|High resolution screen shots|
| 3:25 pm on Jun 25, 2001 (gmt 0)|
Is there a way to get a high resolution screen shot? I am making a printed booklet with some website screen shots in it. A screen capture is 72dpi but printers require 300dpi. Apart from reducing the size of the image (say in Photoshop) does anyone know of a way to get high res screen shots?
| 3:41 pm on Jun 25, 2001 (gmt 0)|
The best thing for screen shots is to whack it into photoshop change it to 300 dpi and then change the dimensions so that it is the same width approx as the paper you're printing on to.

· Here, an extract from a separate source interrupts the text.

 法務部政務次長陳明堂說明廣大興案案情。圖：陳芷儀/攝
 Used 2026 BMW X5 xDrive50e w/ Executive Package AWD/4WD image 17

Or at least its something like that, been a while since i last did it so let me know if it works out ;)
| 4:11 pm on Jun 25, 2001 (gmt 0)|
Thanks Knightly - They tend to go a bit fuzzy when I up-the-resolution in photoshop. If I reduce the dimensions to a quarter the size I can get the higher res but I end up with too small an image. I think the root of the problem is in the fact that computer screens are 72dpi. I wondered about taking a photograph of the screen and scanning it?
What do published magazines do when they print a screen image?
| 6:12 pm on Jun 25, 2001 (gmt 0)|
What do published magazines do when they print a screen image?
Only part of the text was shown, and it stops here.